What was interesting was the composition of the North Korean delegation. It was led by Ri Jong-hyok, a vice chairman of the Workers’ Party Asia-Pacific Peace Committee, which is in charge of trade, foreign investment and inter-Korean economic projects, and included other key committee members as well as members of the Institute for Disarmament and Peace under the auspices of North Korea’s foreign affairs ministry. The composition may have been carefully arranged to send the same message to both Seoul and Washington that Pyongyang is ready for serious talks.
But South Korean delegates repeated the same rhetoric - that without a formal apology and promises not to repeat deadly provocations like the Cheonan and Yeonpyeong Island incidents, inter-Korean ties cannot be improved to the level desired by North Korea. They explained that the people of South Korea won’t tolerate it.
North Korea’s response was also unchanged. The North Koreans said they were not responsible for the sinking of the Cheonan and are willing to send delegates for a joint investigation. The Yeonpyeong shelling was in response to military provocation from South Korea. They said they had sent prior warnings of taking military action if provoked and therefore do not necessarily have to apologize. The two Koreas still remain worlds apart.
The possibility of an inter-Korean summit was not discussed during the forum. But officials from the Asia-Pacific Peace Committee indicated in individual talks that trust had been broken after two failed meetings that were leaked to the press.
Moreover, the two Koreas cannot agree on an agenda. South Korea stands steadfastly firm on its demands for palpable evidence of commitment to denuclearization efforts and an apology for the Cheonan and Yeonpyeong attacks as well as assurance not to repeat provocations.
Meanwhile, North Korea will likely demand real action on South Korea’s commitments to economic cooperation and aid pledged during the past two summit meetings. North Koreans doubt they can find middle ground. They believe their leader’s authority could be impaired if the summit agreements are not carried out.
North Koreans were primarily eager to improve ties with the U.S. during the meeting in Georgia. The director of the North Korean Institute for Disarmament and Peace called for sincerity from Washington to help improve inter-Korean ties and resolve the nuclear issue, blaming the U.S. for shying away from dialogue for the last two years.
North Korean delegates demanded the armistice treaty be replaced with a peace pact to formally end the state of war on the peninsula. They demanded executive-level bilateral talks with Washington to make progress. They added that pressure from the U.S. through economic sanctions and military intimidation only provokes hard-line military leaders in Pyongyang.

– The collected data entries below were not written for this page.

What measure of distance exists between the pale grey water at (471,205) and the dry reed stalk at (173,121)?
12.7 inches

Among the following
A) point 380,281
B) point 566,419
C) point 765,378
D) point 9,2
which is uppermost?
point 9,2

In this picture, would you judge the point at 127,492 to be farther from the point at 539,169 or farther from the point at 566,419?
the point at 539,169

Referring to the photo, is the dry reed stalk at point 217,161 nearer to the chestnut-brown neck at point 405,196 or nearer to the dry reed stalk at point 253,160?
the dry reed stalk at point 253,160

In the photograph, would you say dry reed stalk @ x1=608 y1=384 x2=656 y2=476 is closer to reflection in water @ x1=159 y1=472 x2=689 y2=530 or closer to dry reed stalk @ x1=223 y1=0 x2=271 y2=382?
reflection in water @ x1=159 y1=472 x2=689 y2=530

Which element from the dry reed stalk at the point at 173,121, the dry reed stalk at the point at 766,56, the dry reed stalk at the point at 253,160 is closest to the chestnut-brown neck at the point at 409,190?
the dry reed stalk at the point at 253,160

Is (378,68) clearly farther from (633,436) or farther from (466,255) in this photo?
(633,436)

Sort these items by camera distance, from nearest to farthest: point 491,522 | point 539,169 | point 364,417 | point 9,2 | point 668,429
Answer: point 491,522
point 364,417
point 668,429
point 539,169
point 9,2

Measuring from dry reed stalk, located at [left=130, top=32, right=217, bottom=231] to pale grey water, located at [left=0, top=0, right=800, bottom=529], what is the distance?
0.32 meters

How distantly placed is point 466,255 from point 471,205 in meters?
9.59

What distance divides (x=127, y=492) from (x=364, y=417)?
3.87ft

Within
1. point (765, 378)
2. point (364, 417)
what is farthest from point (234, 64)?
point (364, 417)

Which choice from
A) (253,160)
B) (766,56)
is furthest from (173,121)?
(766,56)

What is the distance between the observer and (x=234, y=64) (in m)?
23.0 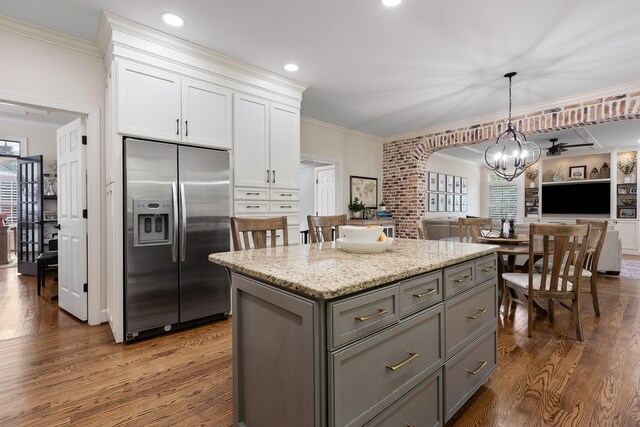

U.S. officials, however, responded coolly to the North Korean demands. They said North Korea has lost credibility due to a series of provocations. The Obama administration also will not likely take a risk with North Korea ahead of presidential elections. It wants North Korea to first demonstrate real actions to dismantle its missile and nuclear weapons programs as well as commit to a joint investigation on missing soldiers during the Korean War and improve human rights if it wants meaningful development in bilateral ties. This too appears to be a long way off.
But there is a glimmer of hope. North Koreans appear to be desperate to save their economy and improve living standards in order to meet the publicly declared goal of realizing a strong nation by 2012. If we exercise wisdom and capitalize on their eagerness, there may yet be room for a breakthrough.
*Translation by the Korea JoongAng Daily staff.
The writer is a professor of political science at Yonsei University.